JG, a friend here, was born and raised in Bukavu to a Tutsi refugee father and a Congolese (Shi) mother. In his final years of study towards priesthood at Bukavu’s prestigious seminary, his mentors and colleagues turned on him. Because he was half-Tutsi, he had to leave. With no English or Kinyarwandan, he came to Kigali and found the professional ranks occupied entirely by Tutsis who’d followed the RPF from Uganda. Along with the Hutu majority here, JG is essentially excluded from participating in the bright and prosperous Kigali of today.

Over ugali and beer yesterday, JG and I recalled the French expulsion from Rwanda in late 2006. For a government that brooks no dissent, no opposition politics and barely a peep from civil society, it was logical that they eject a threatening foreign presence: recall the Kagame indictments issued by a French court (and more recently by a Spanish court). However consistent the logic of this regime—brook no dissent—it is a recipe for open hostility, sooner or later.

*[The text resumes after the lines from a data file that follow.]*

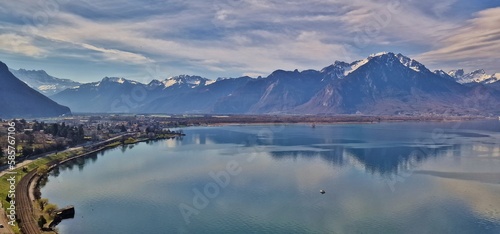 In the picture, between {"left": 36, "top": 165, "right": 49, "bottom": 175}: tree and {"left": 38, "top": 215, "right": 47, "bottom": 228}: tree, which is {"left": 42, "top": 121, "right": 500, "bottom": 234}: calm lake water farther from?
{"left": 36, "top": 165, "right": 49, "bottom": 175}: tree

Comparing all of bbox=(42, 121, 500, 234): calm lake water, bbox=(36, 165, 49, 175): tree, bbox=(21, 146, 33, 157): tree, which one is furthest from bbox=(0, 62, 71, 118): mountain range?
bbox=(36, 165, 49, 175): tree

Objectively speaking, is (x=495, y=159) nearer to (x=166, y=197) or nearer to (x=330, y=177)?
(x=330, y=177)

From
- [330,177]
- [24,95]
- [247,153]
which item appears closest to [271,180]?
[330,177]

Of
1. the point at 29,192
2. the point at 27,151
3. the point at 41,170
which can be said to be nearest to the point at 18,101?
the point at 27,151

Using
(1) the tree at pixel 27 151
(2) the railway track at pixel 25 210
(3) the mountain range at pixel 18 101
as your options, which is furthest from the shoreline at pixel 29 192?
(3) the mountain range at pixel 18 101

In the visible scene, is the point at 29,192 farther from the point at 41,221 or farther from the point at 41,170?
the point at 41,170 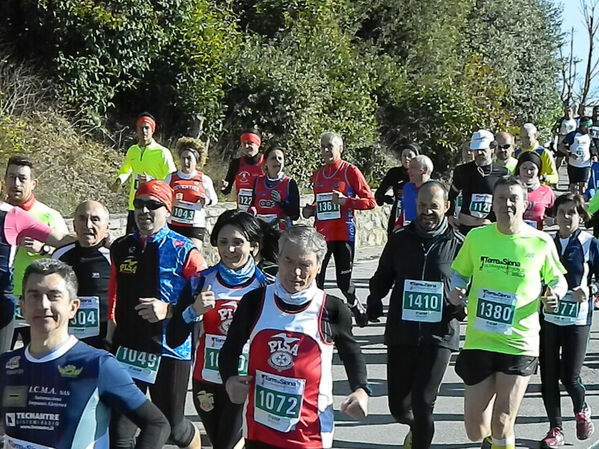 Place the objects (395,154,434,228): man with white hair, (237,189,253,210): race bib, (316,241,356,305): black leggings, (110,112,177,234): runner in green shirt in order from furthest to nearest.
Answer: (110,112,177,234): runner in green shirt, (237,189,253,210): race bib, (316,241,356,305): black leggings, (395,154,434,228): man with white hair

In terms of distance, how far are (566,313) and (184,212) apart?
516 centimetres

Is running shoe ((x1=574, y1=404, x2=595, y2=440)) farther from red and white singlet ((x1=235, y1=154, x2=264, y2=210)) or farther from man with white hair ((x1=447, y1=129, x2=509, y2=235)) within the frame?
red and white singlet ((x1=235, y1=154, x2=264, y2=210))

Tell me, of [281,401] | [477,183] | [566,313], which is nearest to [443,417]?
[566,313]

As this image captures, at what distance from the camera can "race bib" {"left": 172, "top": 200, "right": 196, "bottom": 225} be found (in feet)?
38.2

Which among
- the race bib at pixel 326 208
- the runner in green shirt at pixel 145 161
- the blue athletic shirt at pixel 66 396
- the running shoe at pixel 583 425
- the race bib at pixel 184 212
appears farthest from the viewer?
the runner in green shirt at pixel 145 161

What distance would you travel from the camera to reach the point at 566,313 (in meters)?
7.55

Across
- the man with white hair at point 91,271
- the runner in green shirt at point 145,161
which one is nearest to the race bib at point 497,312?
the man with white hair at point 91,271

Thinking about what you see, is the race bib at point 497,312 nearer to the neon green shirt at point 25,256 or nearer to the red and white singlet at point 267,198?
the neon green shirt at point 25,256

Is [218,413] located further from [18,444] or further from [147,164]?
[147,164]

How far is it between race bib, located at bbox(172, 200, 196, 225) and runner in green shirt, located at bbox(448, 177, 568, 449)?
219 inches

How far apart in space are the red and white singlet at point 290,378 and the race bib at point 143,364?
1.45 meters

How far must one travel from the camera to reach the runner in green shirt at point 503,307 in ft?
20.5

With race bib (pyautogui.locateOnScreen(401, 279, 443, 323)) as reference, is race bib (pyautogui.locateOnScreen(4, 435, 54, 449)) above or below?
below

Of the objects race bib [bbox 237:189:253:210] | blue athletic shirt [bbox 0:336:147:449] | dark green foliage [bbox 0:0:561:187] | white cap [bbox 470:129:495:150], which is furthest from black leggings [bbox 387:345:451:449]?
dark green foliage [bbox 0:0:561:187]
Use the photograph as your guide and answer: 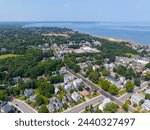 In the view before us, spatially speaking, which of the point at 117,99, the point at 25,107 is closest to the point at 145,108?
the point at 117,99

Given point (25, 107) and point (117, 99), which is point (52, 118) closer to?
point (25, 107)

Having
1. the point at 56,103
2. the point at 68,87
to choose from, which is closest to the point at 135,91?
the point at 68,87

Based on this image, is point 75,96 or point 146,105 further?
point 75,96

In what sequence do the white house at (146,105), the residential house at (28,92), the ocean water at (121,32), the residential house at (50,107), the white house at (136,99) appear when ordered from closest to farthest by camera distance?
the residential house at (50,107) < the white house at (146,105) < the white house at (136,99) < the residential house at (28,92) < the ocean water at (121,32)

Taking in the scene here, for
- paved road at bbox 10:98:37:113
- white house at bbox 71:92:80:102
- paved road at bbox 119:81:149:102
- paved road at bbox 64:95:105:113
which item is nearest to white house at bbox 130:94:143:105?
paved road at bbox 119:81:149:102

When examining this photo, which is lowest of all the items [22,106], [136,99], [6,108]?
[22,106]

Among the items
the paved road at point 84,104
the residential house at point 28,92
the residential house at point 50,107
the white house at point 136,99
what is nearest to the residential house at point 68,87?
the paved road at point 84,104

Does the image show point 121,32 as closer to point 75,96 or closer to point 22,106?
point 75,96

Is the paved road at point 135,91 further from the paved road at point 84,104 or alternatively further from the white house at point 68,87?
the white house at point 68,87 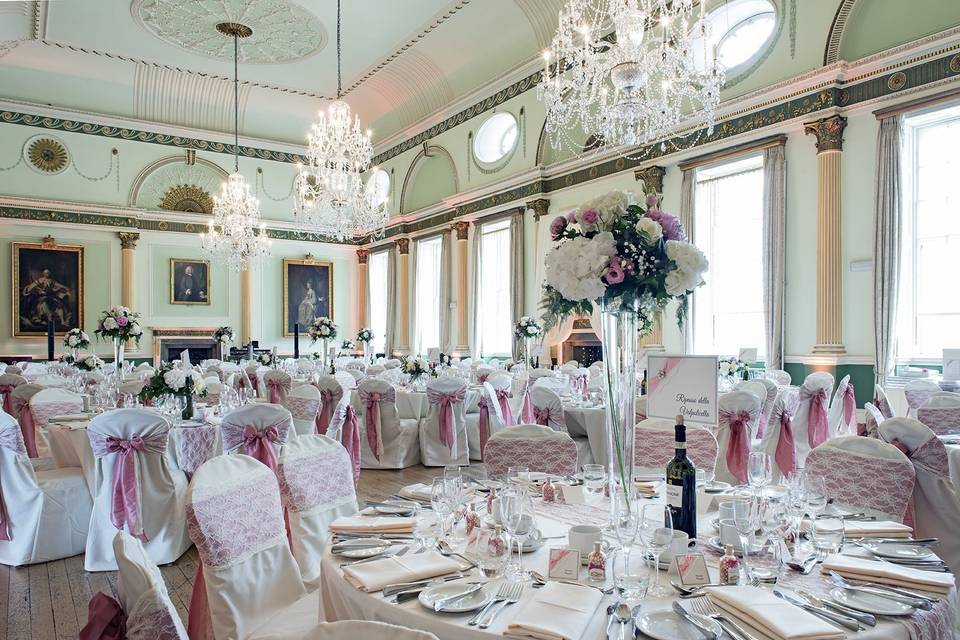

JG wants a country where ‘all Rwandans are one’; his NGO works with former prisoners (ex-genocidaires Hutu) to reintegrate into society. Very brave, but essential if the timebomb is to be diffused. JG's work is a drop in the ocean, unfortunately. And as long as the government treats everyone except the Ugandan Tutsi community as potential traitors, the supposed center will not hold.